Would anyone shed a tear if your company went away tomorrow? If not, then you have a problem: you haven't fully leveraged the power of good design to get you and your product to the point where you, "actually matter to people", according to Robert Brunner, an industrial designer of such product lines as the Apple II, Macintosh, Newton and PowerBook.
Now CEO of Ammunition Group and author of "Do you matter: How great design will make people love your company," Brunner opened this week's Embedded Systems Conference (ESC) here in Boston where he discussed a breadth of critical attributes needed for product success, from the true meaning of branding all the way up to understanding risk in order to innovate, how difficult times can be turned into an opportunityand how by being cognizant of three basic principles it's possible to, "shrink the psychological gap between you and your constituents using design."
"Your logo is not your brand: Brand is a gut feeling," said Brunner. "If a lot of people feel the same way about a company, then you have a brand."
By way of example, Brunner recounted a question he posed to a class he was teaching on design. He asked the class if anyone would care if Motorola disappeared tomorrow. No one put their hand up. When he then asked if anyone would care if Apple went away, almost everyone responded.
"Great products are more than objects," he said, pointing to the Apple iPod. By itself it is an elegant yet simple and innocuous design. However, when viewed in the context of all that goes with it, from the simple user interface to the iTunes ecosystem, it's much more.
"It's not about what this part's about, it's the sum total of what it means," he said. Harley-Davidson, as a brand, is an extreme case in point: "How many people would tattoo your brand to their head?"
Getting to that point where your brand matters and your product becomes more than an object starts internally with a shared vision across the company. "It's pervasive: everything matters," he said. From the CEO down to the packagers on the conveyer belt.
At the product and design level , it's also achieved by being useful and usable, as demonstrated in Brunner's Kohler Karbon faucet video, while also through being honest with your users and capable of understanding and taking risks in order to truly innovate.
"People's B.S. meter are finely tuned," he said, thanks to Google and social networks, "so you can't waste time not being authentic." As for risk, "it's not a four-letter word," he said. "Innovation is a risk and can't always be put on a spreadsheet."

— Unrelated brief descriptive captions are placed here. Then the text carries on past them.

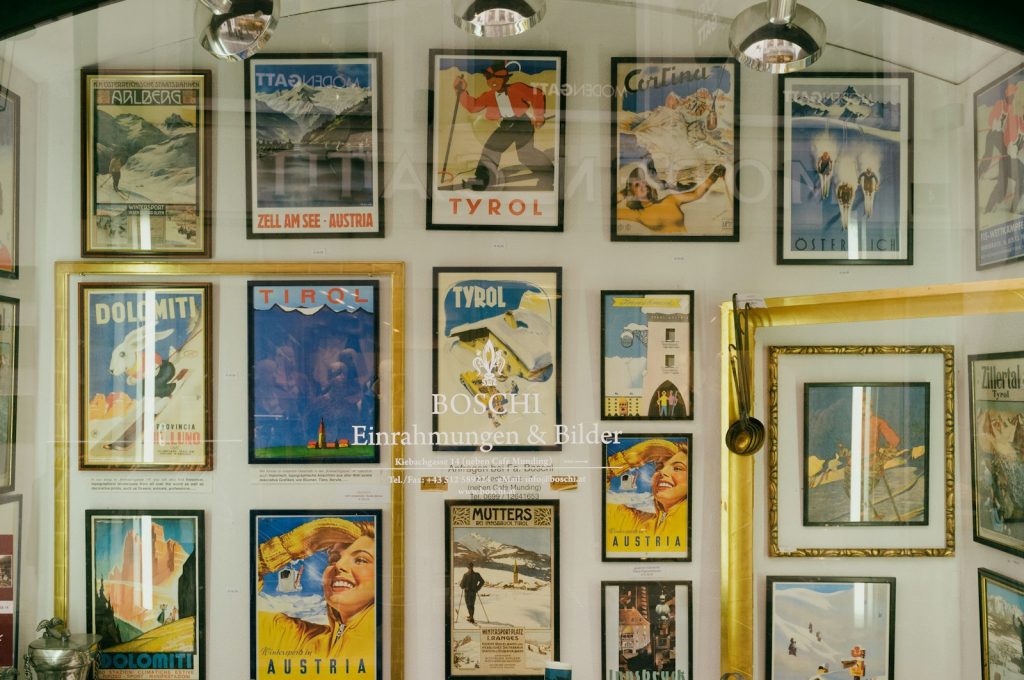 a wall with many pictures on it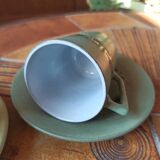 A pair of vintage glazed stoneware cups and saucers.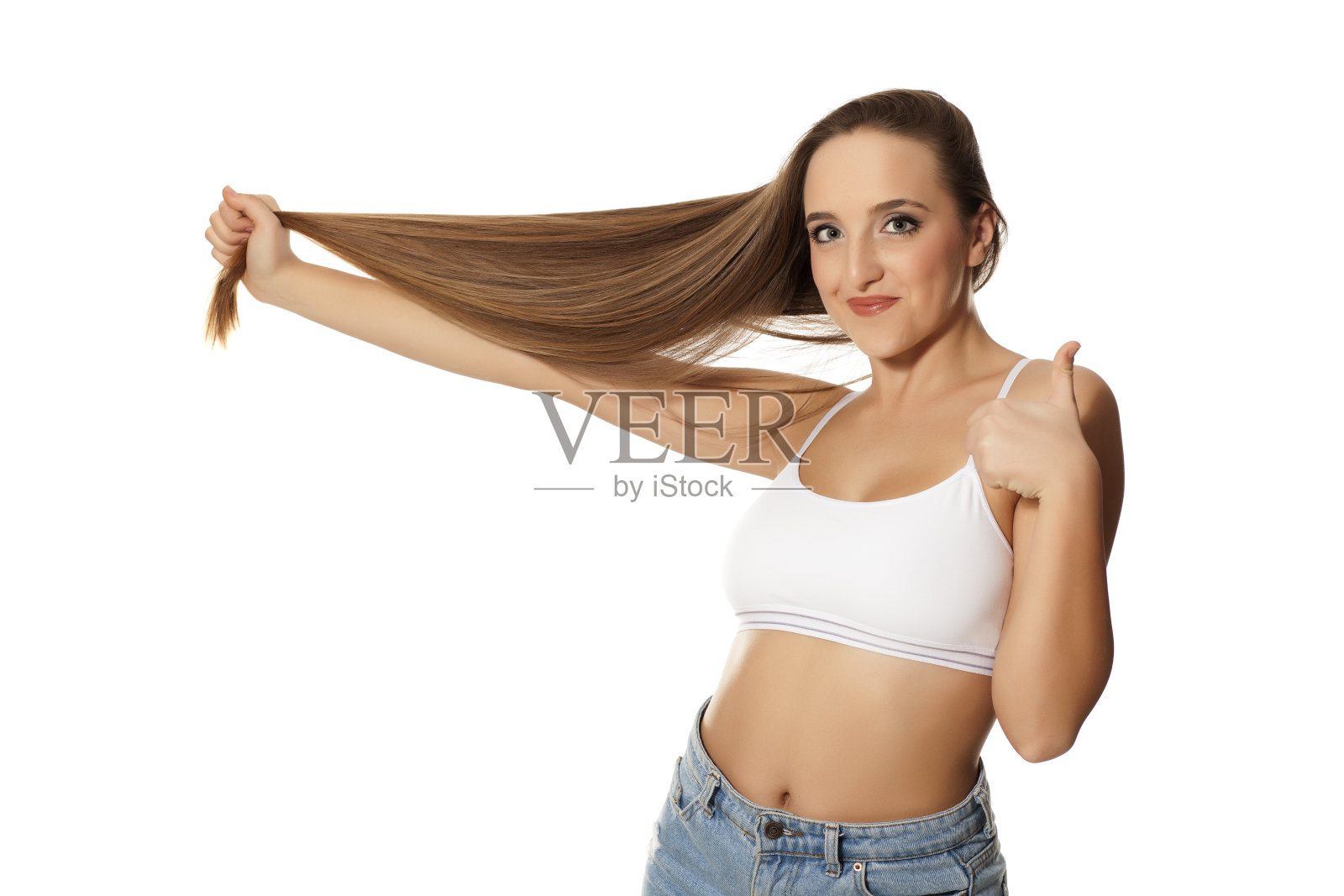 年轻女子握着她的长发,在白色背景上竖起大拇指照片摄影图片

The trick, he said, is to understand risk, not avoid it. Some of the better clients Brunner's ever had were not well-established large companies in financially stable positions. They were, instead, small companies on their last legs, or large companies that had fallen on hard times, both willing to take a risk on a design. Those, he said, were the real innovators.
The threefold path to good design
"Everyone is a designer," said Brunner, but he urges engineers to keep three things in mind from the start:
- Disruption: Design can really be disruptive so engineers need to view "design as a strategy," not an endgame in itself.
- Emotion: Engineers need to work to make that 'emotional' connection a reality between users and the product.
- Partnerships:
"You can't go it alone," he said. "You have to have partners to create a great [end user] experience."